パチンッ! サヤカのノーブラEカップが、怒りの鼓動と共に爆発的な「武の波動」を放つ。重力を無視してそそり立つその双丘は、もはや戦車をも跳ね返す装甲のようでもあり、すべてを飲み込むブラックホールのようでもあった。


「めるる様。見ていなさい。これが、真の『殻を破る』ということです」


「……奥義・双丘形状破壊ツイン・ピークス・デストラクション!!!」


超高速の回し蹴りが、スポブラを顔に被った状態の久我に直撃した。久我は壁からさらに深く、建物の構造材を突き破って反対側のビルまで飛ばされ、その軌跡には黄金の鼻血が虹のようにかかった。


反対側のビルまで吹き飛んだ久我を見送り、サヤカは冷徹な眼差しをユウキに向けた。


「……ユウキ様。この不浄なスポブラを調達し、あの方に授けたのは貴方ですね? ただの観客ではなく、変態行為を助長した『大罪の共犯者』として、万死に値しますわ」


「僕もですか!? スポブラ渡しただけなのに……やめてぇぇぇ!!」


「……奥義・連鎖双丘爆砕!!!」


サヤカのノーブラEカップから放たれた衝撃波を伴う蹴りが炸裂。ユウキも久我が開けた壁の穴を通って夕焼け空へと射出された。

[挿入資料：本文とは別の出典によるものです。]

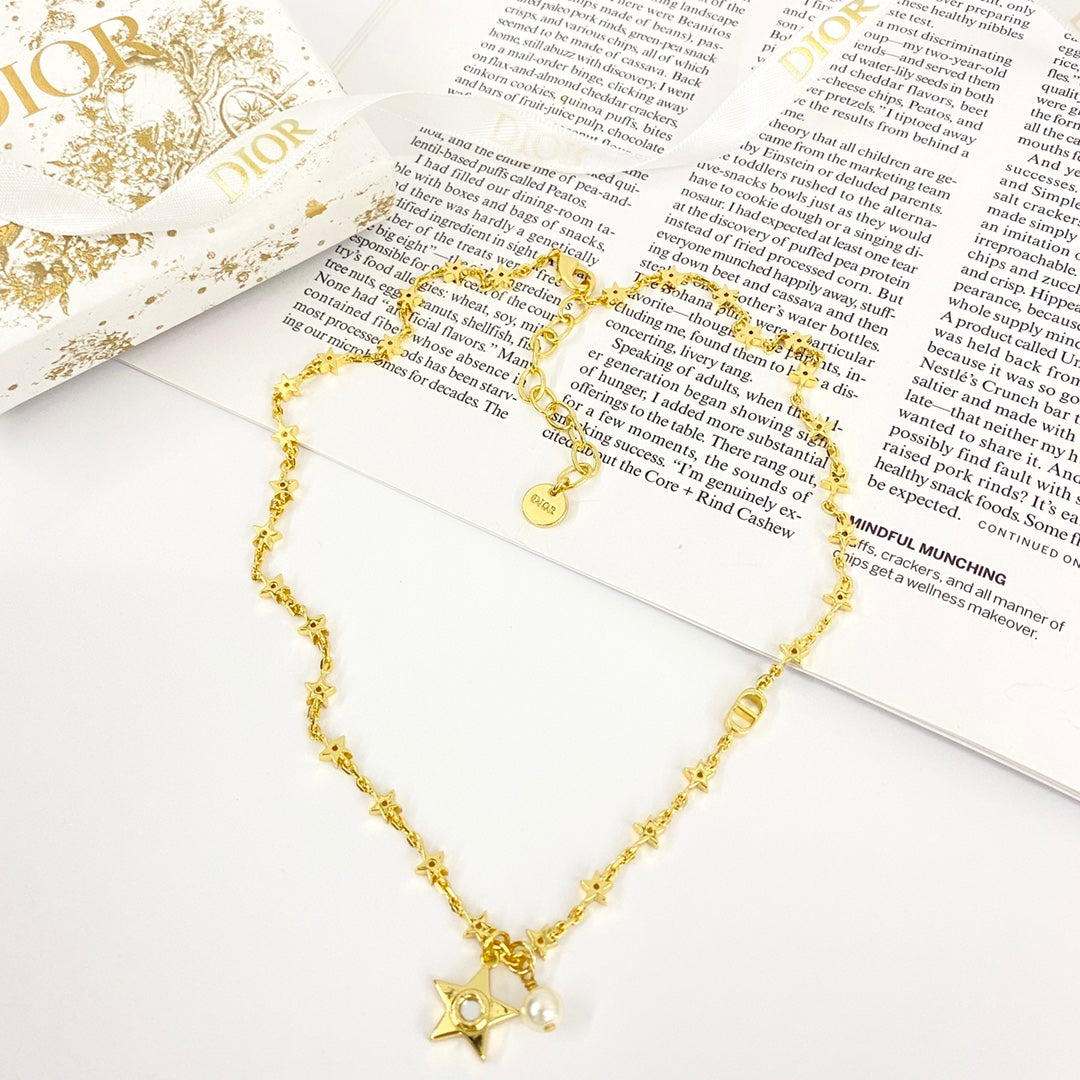 CD 26S STAR CHAIN PEARL PENDANT NECKLACE IN GOLD TONE METAL 631051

数ヶ月後。 日本中の書店から、一冊の本が消えた。 星野めるるヘアヌード写真集――『生命の真実ノーブラ』。 すべてを脱ぎ捨て、かつてないほど清々しい表情で微笑む彼女の姿は、全日本人の魂を揺さぶった。久我は壁の中から血走った眼で、保存用・布教用を含め100冊の予約を完遂。


そして、前代未聞の社会現象が起きる。 写真集に込められた圧倒的な「解放のエネルギー」に共鳴した男たちの生命活動が限界を突破。日本中のコンビニ、ドラッグストアからティッシュペーパーが忽然と姿を消し、在庫が完全消滅するという、未曾有のパニックが発生したのである。


黄昏の事務所に、空っぽになったティッシュ箱だけが舞い踊っていた。